Hch 11,19-26; Sal 86; Jn 10,22-30

Que pregunta incauta a Jesús. Porque ¿alguien puede decir quién es el Mesías?, ¿cuáles han de ser sus signos?, ¿cómo podremos llegar a la convicción de que ese, precisamente él, es el Mesías? ¿Da uno testimonio de sí mismo? ¿Y si es un engreído papanatas? ¿Y si, por el contrario, es la piel de Satanás? Si tú eres el Mesías, dínoslo francamente.

Es verdad que alguno de los discípulos llama a su amigo diciendo: he encontrado al Mesías. Mas, en el NT, sobre todo en los evangelios, encontrándose con Jesús, con sus palabras, con sus signos, con sus obras, todo el mundo se pregunta: ¿quién es este? La respuesta viene dada sólo al final de su vida: su muerte y su resurrección nos dicen quién es Jesús. Sólo entonces comprendemos. Sólo entonces se nos anuncia la feliz buena noticia.

Ahí tenían sus obras, pero no creyeron. Los discípulos de Emaús mostraron su terrible decepción: ellos habían creído que Jesús sería el Liberador. Mas él hace sus obras en nombre del Padre, y son ellas las que dan testimonio suyo. Pero apenas nadie le cree. ¿Por qué? ¿Cómo es esto posible?

Jesús, el buen Pastor, nos señala la respuesta: porque no sois ovejas mías. ¿Entonces? ¿Qué señalar, qué anunciar, qué vivir, si no somos ovejas suyas? ¿Será la suya una elección injusta? ¿Elijo a quien me place y a ese le salvo, y a quien me da la gana lo rechazo y le condeno? ¿Puede ser esto un acto de misericordia de un Dios que es Amor?

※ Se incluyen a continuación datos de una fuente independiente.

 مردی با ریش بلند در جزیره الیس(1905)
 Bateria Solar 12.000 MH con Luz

Mis ovejas escuchan mi voz. Me abriste el oído, como dice el salmo. La palabra de la Buena Nueva nos llega por el oído. Y es tan fácil taponárselo. Dejarse llevar de los ruidos incandescentes que nos suelta el mundo con sus seducciones. Gritos, peleas, tertulias, cuchicheos de odio, rezo de las cuentas del negocio y del interés. Cuando en medio del barullo que llenan nuestros oídos, una voz menesterosa penetra hasta el hondón de nosotros mismos, pidiéndonos un vaso de agua, una caricia, una acogida. Esa voz menesterosa abre nuestros oídos a la Palabra de misericordia. Quien cierra su voz al vaso de agua, cierra su oído a toda misericordia. Querrá entonces pruebas palpables y evidentes; certificados de los poderosos. Pero quien no escucha ni recibe a uno de estos pequeñuelos, se cierra a mí, dice Jesús. Se cierra a toda misericordia, pues clausuró su corazón a toda misericordia. Aunque sea la de Dios.

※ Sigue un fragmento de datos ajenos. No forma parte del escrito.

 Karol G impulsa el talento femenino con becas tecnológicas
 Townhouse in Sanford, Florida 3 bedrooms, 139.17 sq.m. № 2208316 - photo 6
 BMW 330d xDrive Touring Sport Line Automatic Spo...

Aquellos que no cierran sus oídos, aquellos que están atentos a la voz del menesteroso, aquellos que escuchan la realidad del sufrimiento, quienes oyen las voces de Cristo en la cruz, sólo ellos escuchan la voz del Buen Pastor. Y él las conoce, y ellas le siguen. Y él les da la vida eterna. Termina siendo de una gran belleza literaria cómo el evangelio de san Juan va añadiendo frase a frase con una simple conjunción. Parecería pobreza literaria; pero, en la grandeza del pensamiento, es de tremenda eficacia. Subyuga. Son palabras que hipnotizan. Que nos van adentrando más y más en la comprensión y seguimiento de Jesús. Y quienes escuchan su voz, no perecerán. Y nadie las arrebatará de mi mano.

Es su Padre Dios quien nos ha dado a él, para que seamos sus ovejas. ¿Nos ha captado por la escucha silenciosa del lamento del menesteroso? No lo sé. Pero nos hizo suyos para siempre. Y, entonces, nadie nos puede arrebatar de sus manos: Yo y el Padre somos uno.